Normally, I blaze across the pages of any detective novel that stands in my way, and even a brush with a 400-page behemoth, whose sheets are covered with turgid prose, hardly effect my pace, but somehow I was thrown off my game this week – and have been trotting through Freeman's The Stoneware Monkey (1939), without reaching the final chapter, for over three days now! Social obligations also make it unlikely that I will arrive there before Thursday; however, this provides me with an opportunity to post this filler recent discovery.

Back in the 1980s, the incomparable Vincent Price guest hosted a television show, in which he introduced the viewers at home to a new Sherlock Holmes episode, starring Jeremy Brett as the maverick detective from Baker Street, and closed the hour with a final thought – which are minor gems and usually very insightful. It's also a delight to hear him cite Ellery Queen as a source when introducing Silver Blaze as one of the finest sports detective yarn ever written. They can be found scattered all over YouTube, but here you can have a peek at his opening and closing statements regarding a personal favorite of mine, The Adventure of the Musgrave Ritual. Take note of the brilliant, second part of the video! 


  1. I've been fascinated in recent years to see these introductions. When the episodes were originally broadcast in Britain they were simply shown without comment. They had a good prime-time slot, and nice write-ups in the newspapers, but they were not seen as being different from any other popular programmes on TV at the time.

    The Price intros are lovely, but did treating the shows in this reverential manner have an influence on the way that audiences responded? In the UK a lot of people who wouldn't normally have been fans of the genre were drawn to it because they came across the show and loved it. I wonder if the evening dress, and well stuffed leather armchair approach put off some viewers. I don't really have any strong feelings about this, but I would be interested to hear what everyone else thinks.

  2. The combination Vincent Price + Baker Street will always add up to this in my head.

  3. Ho-Ling, I was actually planning to take a look at that film...

    Thanks for the find! Vincent Price is just wonderful.

  4. @Sexton Blake

    Naturally, I've never seen the original broadcasts, but I doubt they had a negative impact, if any, on casual viewers and were a neat little extra for devoted fans – and who could possibly object to Vincent Price eruditely talking about Sherlock Holmes? The stuffy armchair, rundown décor and dress also seems to be his natural habitat. :)


    Price voicing Ratigan is the best part of that movie, and there's a interview floating on YouTube in which he proudly shows off a statuette of the character – a present he received from the people at Disney.

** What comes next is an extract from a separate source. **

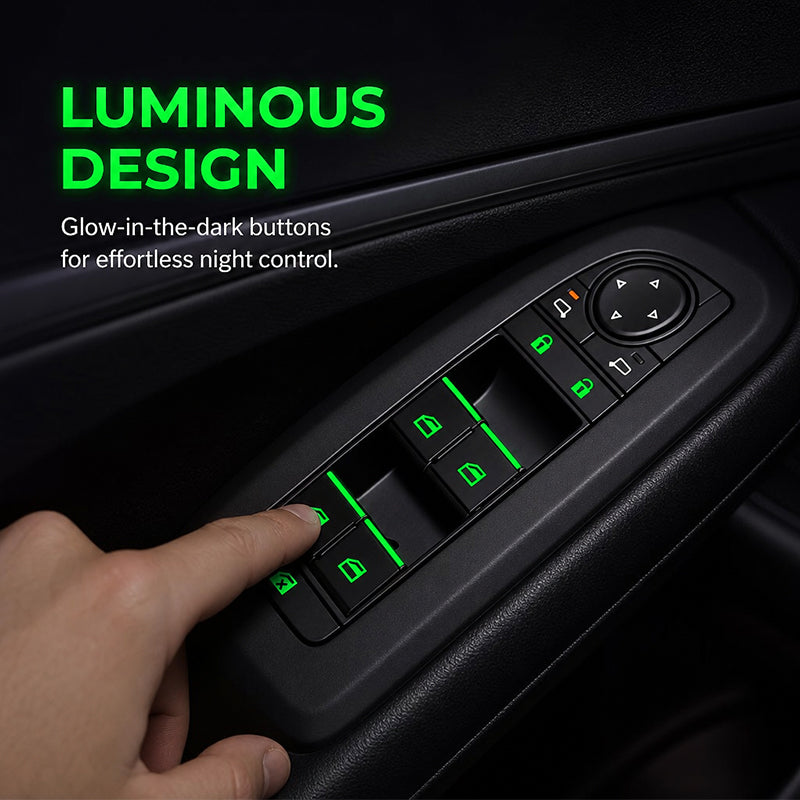 ✨Car Window Lift Switch Luminous Stickers - Colorful Night Glow Warning Button Decal✨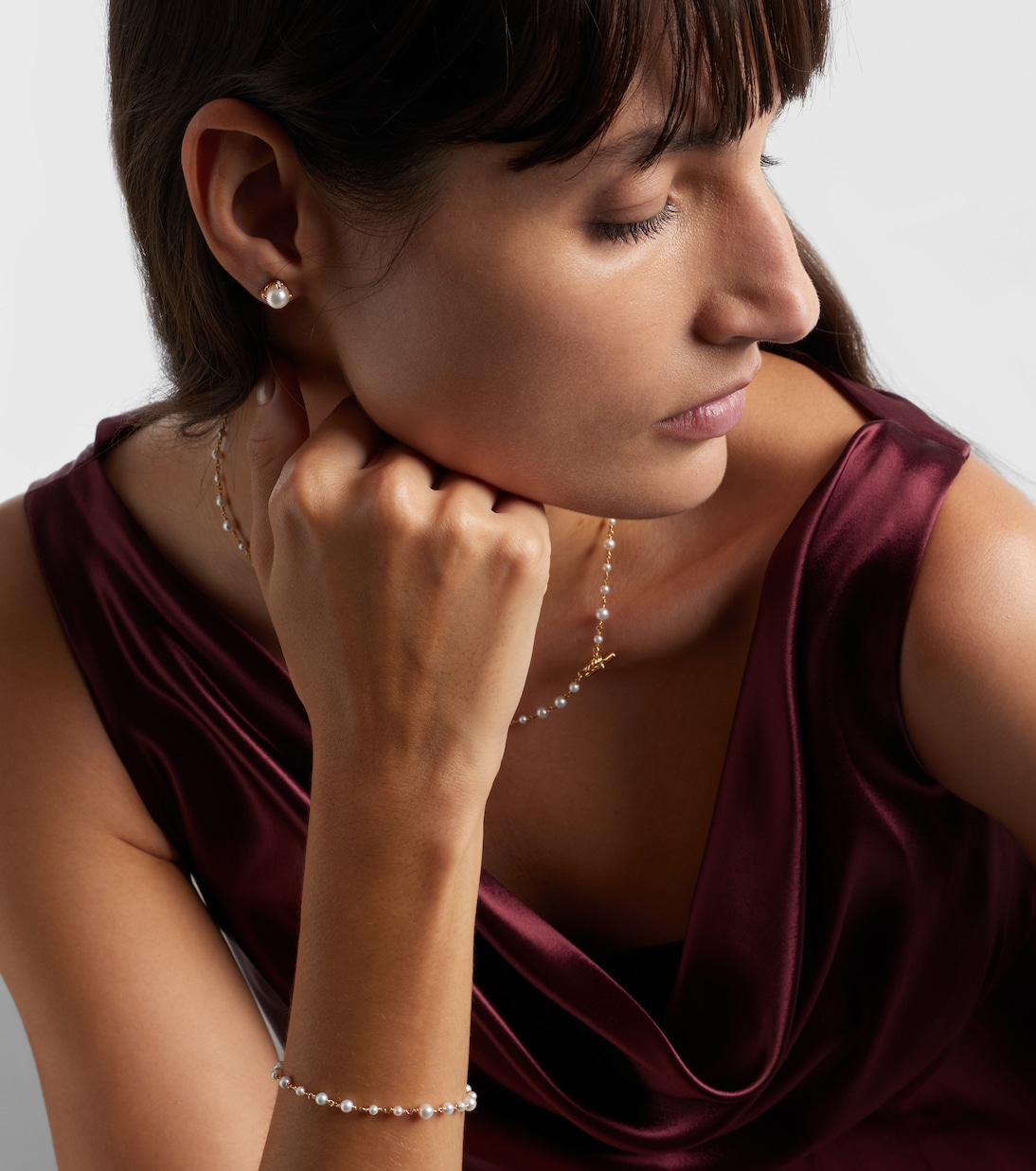 Ohrringe Pearl Classics aus 18kt Gelbgold mit Diamanten und Süßwasserperlen | David Yurman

  5. MYSTERY! was a public TV show in the US. There's a big difference between public TV and commercial TV over here. When this was first aired in the early 1980s there was still a reverence for anything that was televised literature. In fact MYSTERY! was basically a Masterpiece Theater spin-off, The entire show was modeled on Masterpiece Theater which is why there are informative intros and epilogues at the end. Alistair Cooke, the host of Masterpiece Theater, sat in a comfy armchair and gave interesting literary and historical tidbits about the author and the book each week just as Price does with these mystery stories and novels. It was expected, in a way, if you did an anthology series of adapted works of fiction to have this kind of format on public TV. Masterpiece Theater is an iconic American program and so many other shows borrowed its format. It's been lampooned hundreds of times on American TV comedy shows, too, for its reverent approach to televising dramatized literature.

    I've never heard Vincent Price sing. That was great! I've heard him rap, of course, on "Thriller" but that's not the same. He can carry a tune a little better than Rex Harrison. THE GREAT MOUSE DETECTIVE may contain his only singing performance. Thanks for that clip, Ho-Ling.